これまでアドベンチャーバイクというと大きくて重いイメージがあり、自分には関係のないジャンルだと敬遠していました。しかしVストローム250SXは、メインフレームもジクサー250と共通で装備重量が164㎏しかないと知り、私でも乗れるのではないかと期待したのです。
実際にVストローム250SXに跨ってみると、シートが少し高く、166㎝の私では片足のつま先が地面に触れるくらいしか着きません。今回は、立ちゴケの不安を減らすため、通常より25㎜低いオプションのローシートに変更してもらって試乗することにしました。
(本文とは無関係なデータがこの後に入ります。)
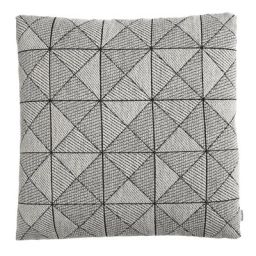 Coussin en Tissu, Plumes – Couleur Blanc – 28.85 x 28.85 x 28.85 cm – Designer Anderssen & Voll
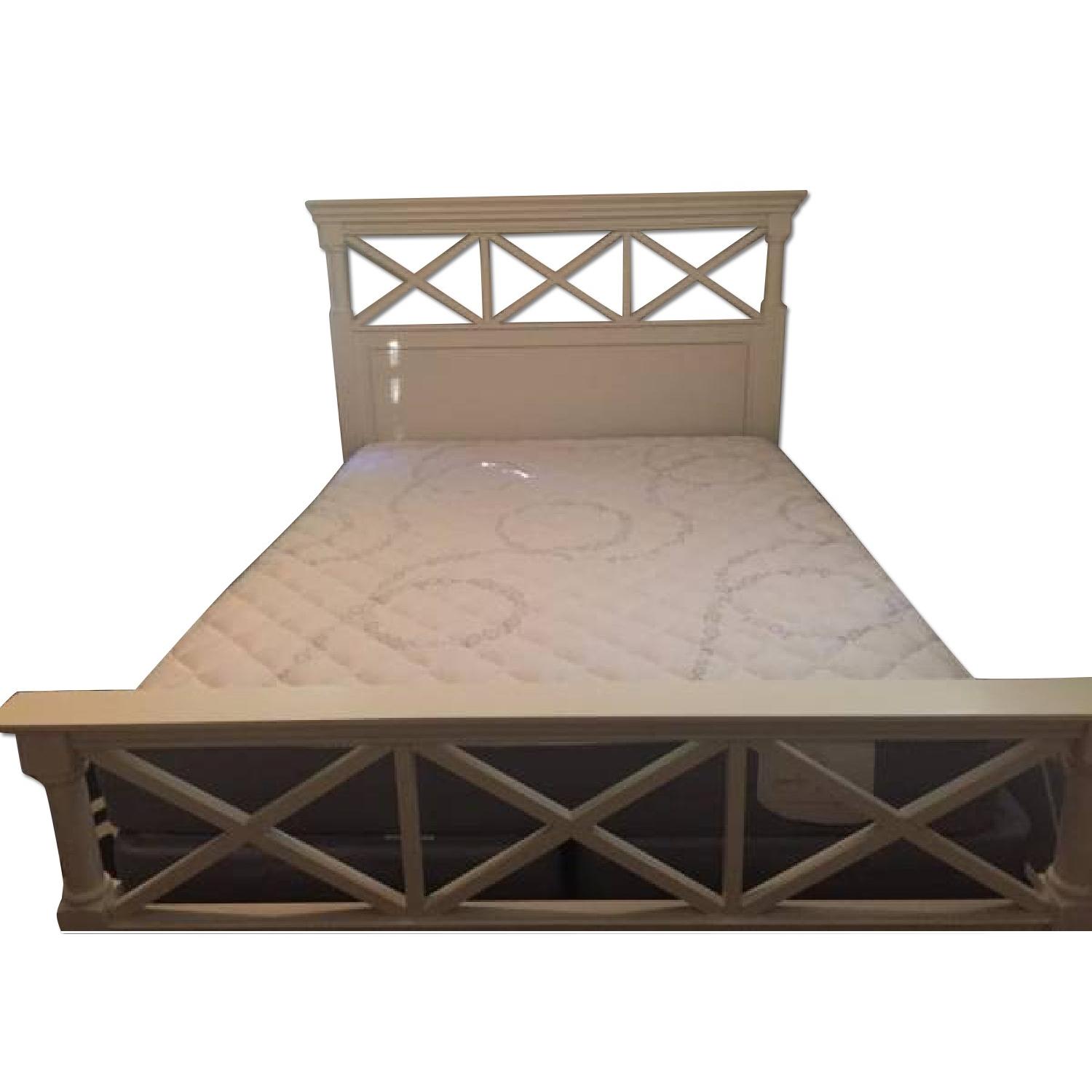Raymour & Flanigan Retreat Queen Panel Bed Frame - image-0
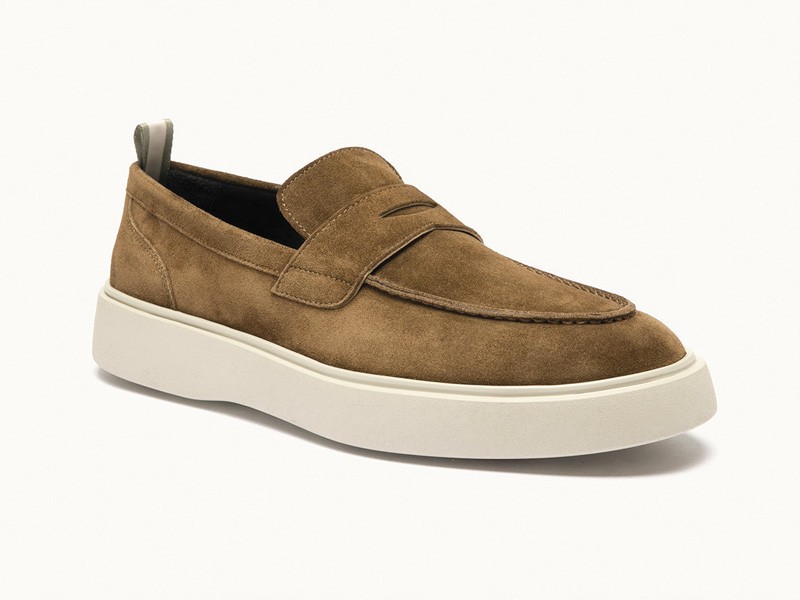 Soft classic moccasins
いざ走り出すと、ジクサーSF250よりも全体的にトルクが太くなっており、250㏄ということを忘れるくらいパワフルです。これはエアクリーナーのインテークカバーを廃止した効果らしく、ジクサーSF250ほど高回転でのドラマ性はないのですが、右手と後輪が直結したような感覚を楽しめます。峠道では、フロントが19インチのせいか、80年代初期のロードスポーツに近いハンドリングで、オフロードバイクに多い21インチの癖もなく、17インチほど神経質にならずにブラインドコーナーに入っていけます。これについては、秀逸なサスペンションが貢献しているところも大きく、バンク中の荒れた路面のいなし方が絶妙でした。
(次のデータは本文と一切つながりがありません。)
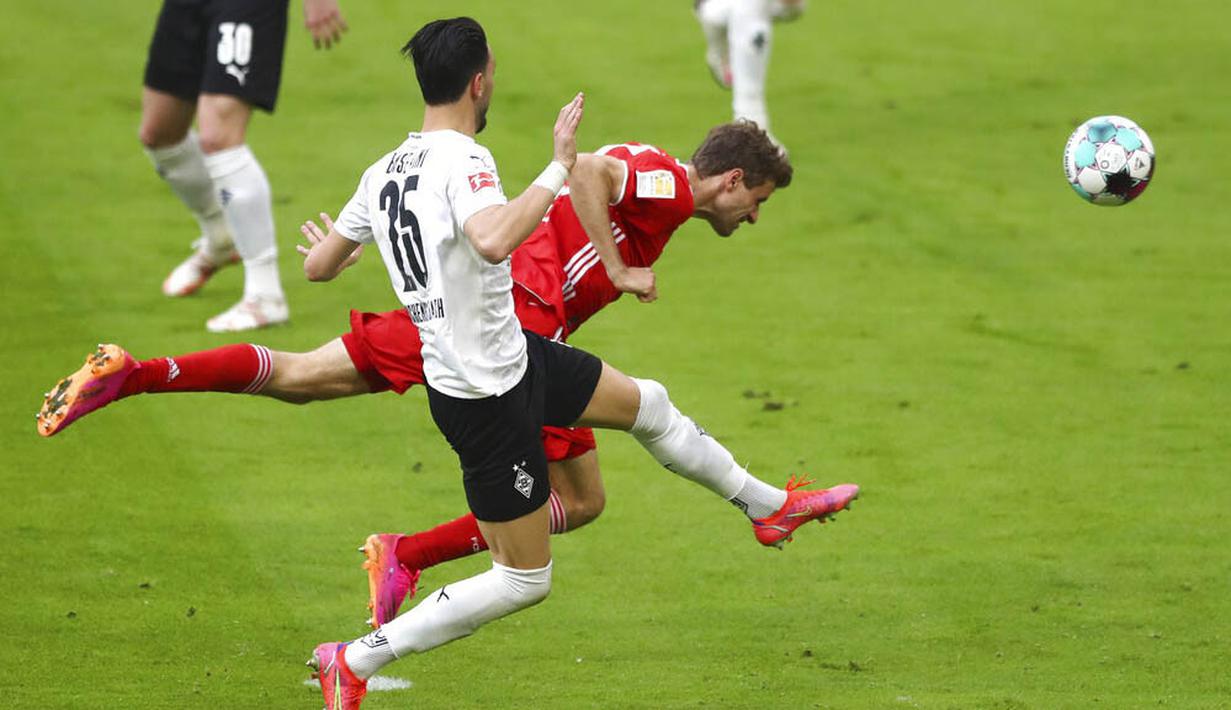 Penyerang Bayern Munchen, Thomas Mueller, menyundul bola saat melawan Moenchengladbach pada laga Liga Jerman di Allianz Arena, Sabtu (8/5/2021). Bayern Munchen menang enam gol tanpa balas. (AP/Matthias Schrader, Pool)
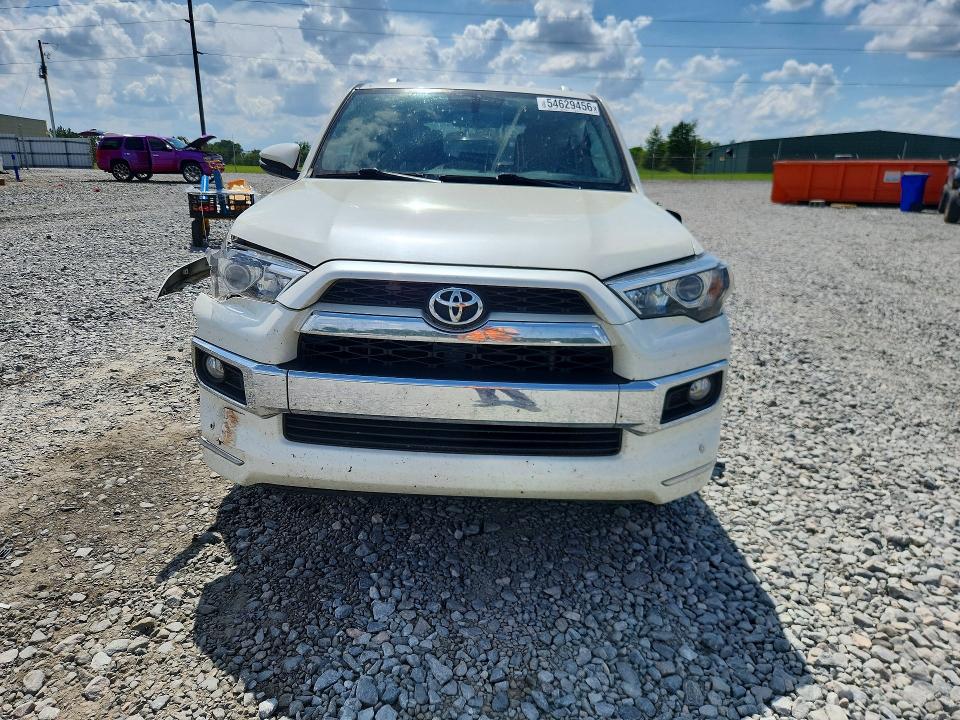Photo 5 from auction – 2018 TOYOTA 4RUNNER with VIN JTEZU5JR0J5178464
そして未舗装路では、車体が軽量なので不安を抱かずに走行することができます。もちろんオフロードに特化したモデルと比べて軽いとはいえませんが、むしろその適度な重さが安定性に結びついているように感じました。スピードを求めずに、ラフロードを淡々と走破して確実に旅を続けていく、それがアドベンチャーバイクの乗り方なのかもしれません。
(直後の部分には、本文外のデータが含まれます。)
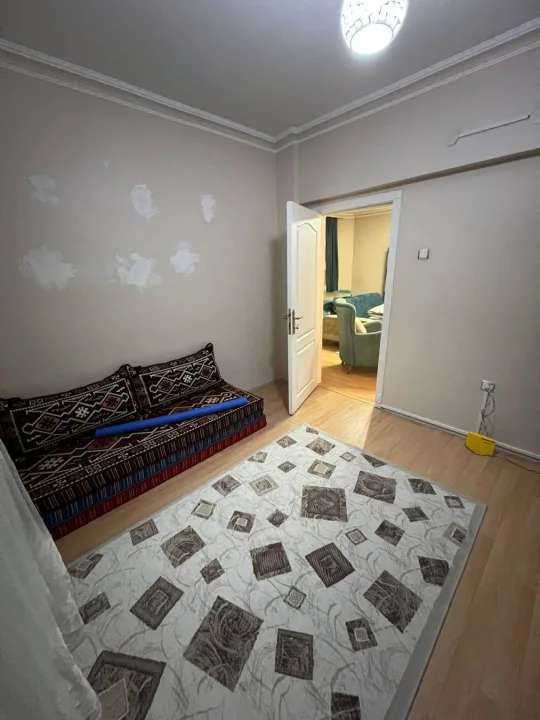 Etlik’te Satılık 3.5+1 2. Kat Cam Balkonlu Vestiyerli Yapılı Geniş Daire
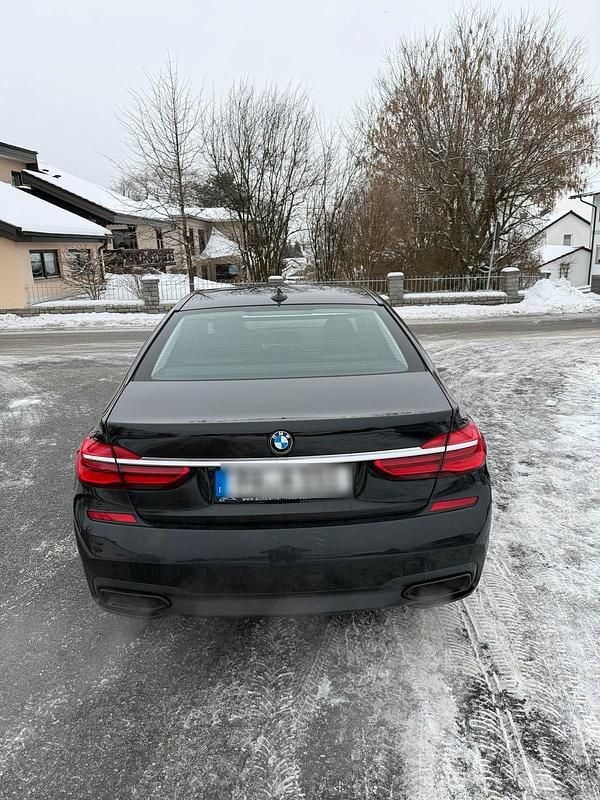 Gebraucht BMW 740 M Sport 320 PS (235 kW) 2017 Schwarz Limousine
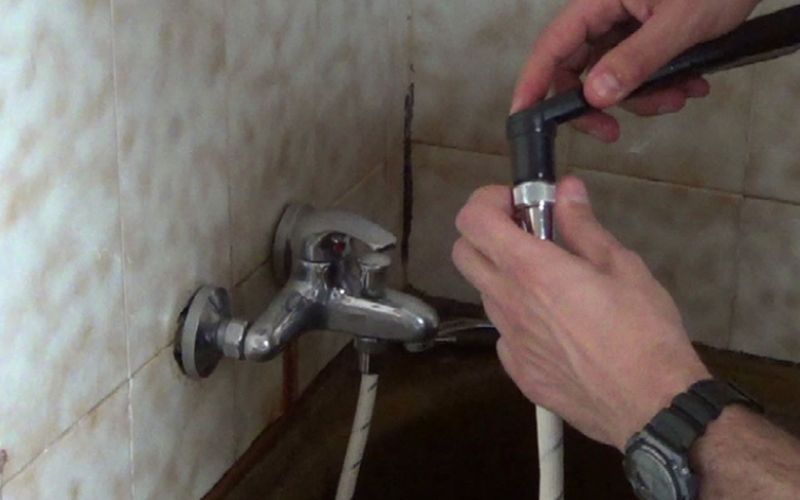 Cómo reparar la alcachofa de la ducha?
さらに装備の面をみると、キャストホイールを採用していることや、アルミ製のキャリアが標準装備だということに好感を持ちました。多くのオフロードバイクが使用するスポークホイールは、基本的にチューブ入りですが、キャストホイールは、パンク修理が容易なチューブレスなので、旅先でのパンクに対するストレスを軽減します。キャリアについては、リアシートの座面と段差がないので、大きな荷物が積みやすく、専用のアダプタープレートを取り付ければ、簡単に脱着がおこなえる鍵付きのトップケースを装着することもできます。他にも景観を阻害しない形状のウインドスクリーンや、万一の際にレバーを保護するバーエンドまで回り込んだナックルガードに「リアルなバイク旅を分かっているな」と嬉しくなったのです。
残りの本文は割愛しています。